Doxa Rebar in DC
Rebar just completed our second ArtPlace event along the 14th Street NW Corridor with the DC Office of Planning and the 14th Street Uptown Business Association. We set up a temporary workshop on 14th Street and Crittenden for the week and held open studios each night for volunteers. On Saturday for our Street Furniture Design Build, community members, business owners, and DC planners alike came together to help sand, paint, and assemble furniture pieces.
We worked with Creative Dimension Group to cut flat plywood pieces with a CNC router. These are the first prototypes of our kit-of-parts furniture that can be easily assembled and disassembled as necessary.
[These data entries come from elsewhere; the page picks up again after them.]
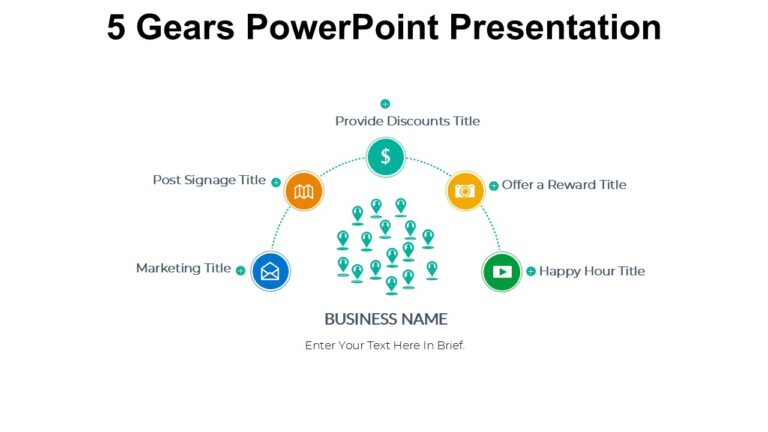 5 Gears PowerPoint Presentation : 100% Editable PPTx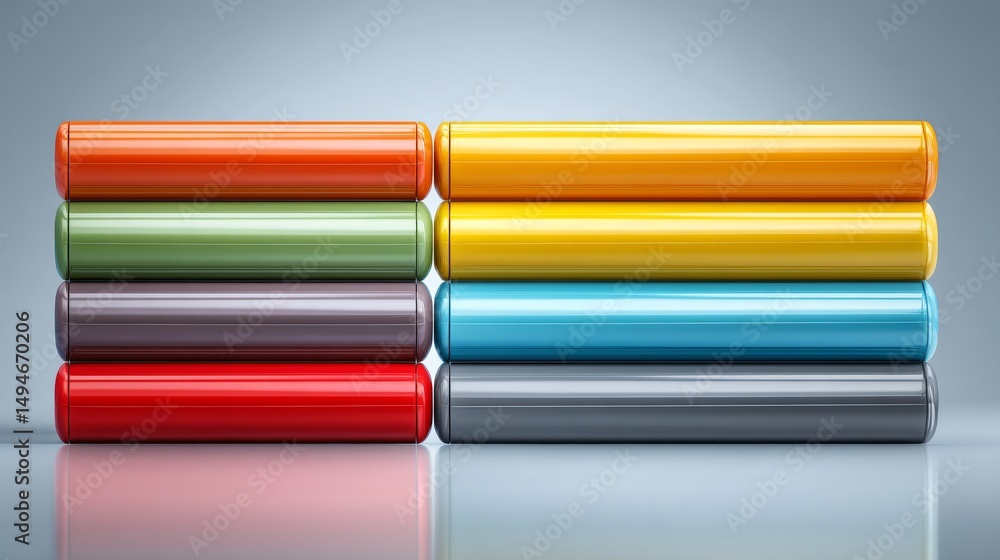 Poster colorful stacked cylinders create a modern abstract design for creative projects.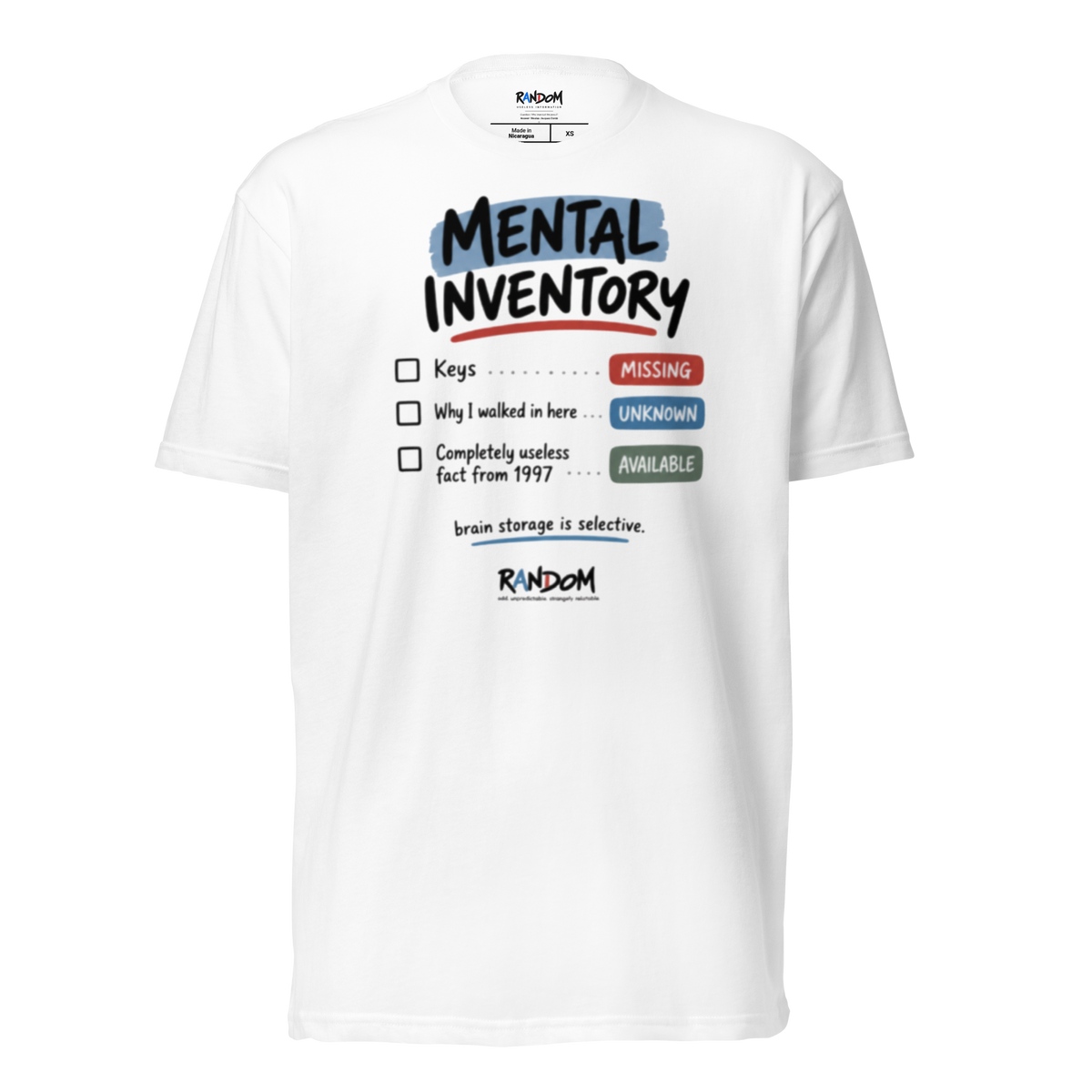 Random 38: Mental Inventory Fitted Tee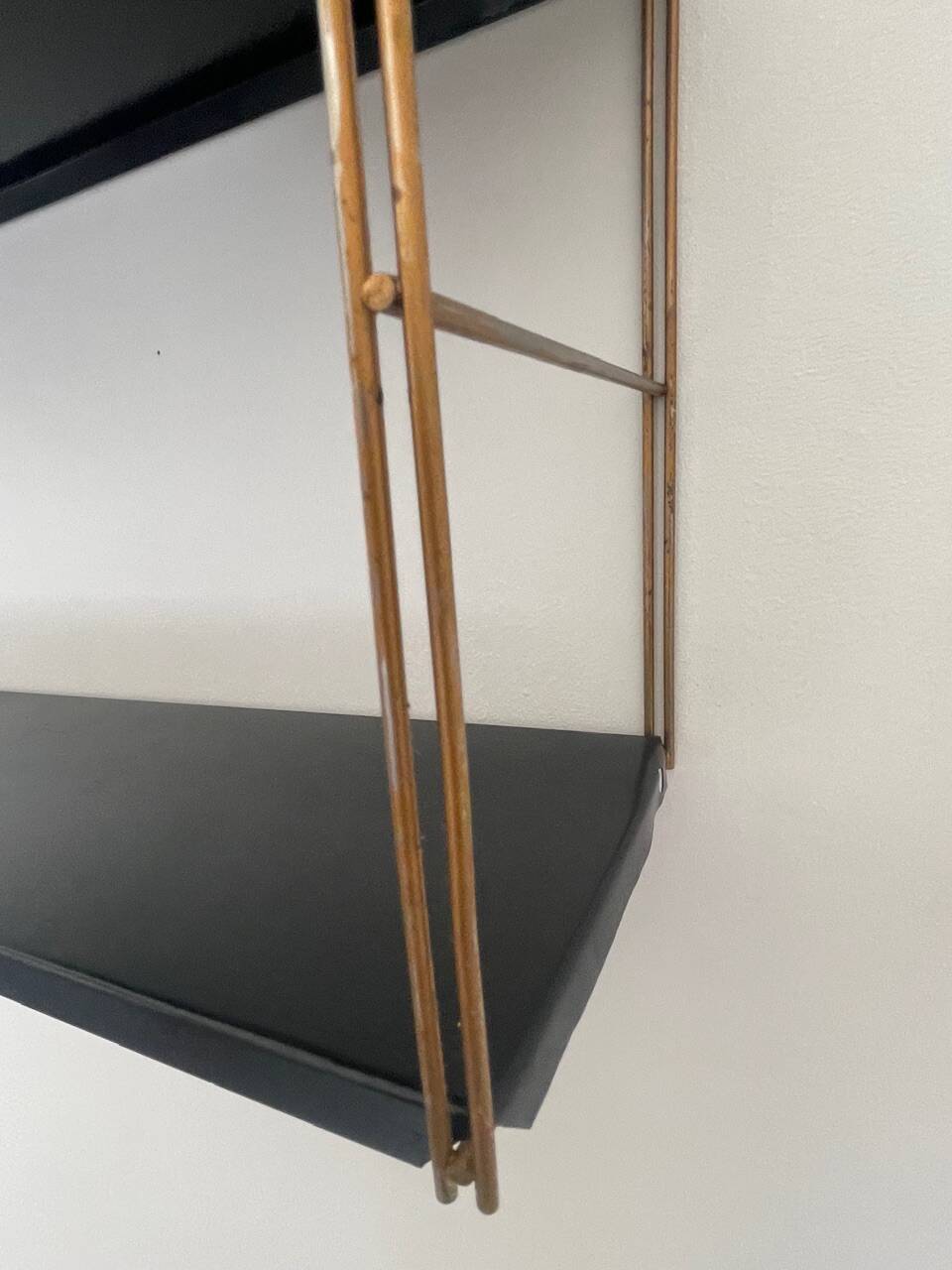 Modular vintage wall shelf, metal and brass circa 1960s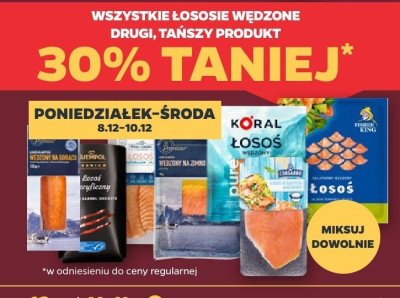 Wszystkie łososie wędzone drugi, tańszy produkt 30% taniej promocja w Netto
The pieces were designed in varying animal shapes and painted with bright colors with the intent to celebrate “play” in the urban environment.
(L) Volunteers painting high stool pieces; (R) Angie with a high table and stool set at Smokey’s.
We made 3 sets of high tables with bar-height stools and gave them to local businesses along the Corridor. The sidewalks in DC are very wide (reaching 35′ at certain points) with ample opportunities for public use. Five planters shaped like hippos with fold-out benches were placed along the corridor.
Sandy and Aziza on a planter and stool.
Our final piece was a whale-shaped porch swing that hung from a crocodile head frame. The swing can be interchanged with a community message board. We met some great folks in the neighborhood and are excited about how the pieces turned out!
Our Swing on the corner of 14th and Crittenden.
Testing out the swing!
See our flickr for more photographs of the event.
After our event, I took a tour of Dupont Underground with Julian Hunt (of Hunt Laudi Studio), Monling Lee, and Braulio Agnese. We met Julian at our first event in DC for 5×5; he was a part of our panel, “Public Art: It’s a Verb!”
Existing conditions of Dupont Underground.
Dupont Underground is a non-profit started by Julian to re-open an abandoned tunnel just beneath Dupont Circle. This amazing underground space was in use as a trolly station for just over twenty years before it was closed in 1975. The 75,000 square feet of space is ripe with opportunities for exhibitions and events. We’re excited to hear how the story unfolds of bringing Dupont Underground back into the public realm.